Une lueur d’intérêt s’alluma dans les yeux de ce dernier.

— Les propriétaires te l’ont donnée à l’essai ? demanda-t-il ironiquement.

— Penses-tu ! Mais j’ai baisé ces tocards de première ! Sais-tu à combien je t’ai enlevé le morcif, grand ?

Blanvin apprécia la manière habile dont Salingue lui imposait la propriété de la voiture.

Il plaisanta :

— Une bouchée de pain !

— Ça, tu peux le dire. On s’est battus comme des chiffonniers, à la fin j’ai enlevé ce bijou pour soixante-dix papiers !

Salingue sonda son ami avec sa clairvoyance coutumière ; il lisait les pensées des autres sur leur visage.

— Tu pourrais me remercier, c’est plus une occase, c’est un cadeau.

Édouard caressa le capot de la voiture.
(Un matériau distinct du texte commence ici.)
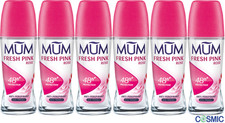6 X Mum Roll On Fresh Pink Rose Anti Perspirant Deodorant 50ml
Salingue n’exagérait pas quand il prétendait que ça ressemblait à de la peau de cuisse.

— Une question, fit-il : il va falloir changer le numéro du moteur ?

L’autre prit un air désinvolte.

— Bof, ça ne peut pas lui faire de mal, admit le petit homme.

Édouard le trouvait « étroit ». Sa silhouette menue ajoutait à son maintien douteux. Une gentillesse canaille fleurissait sur sa face à museau.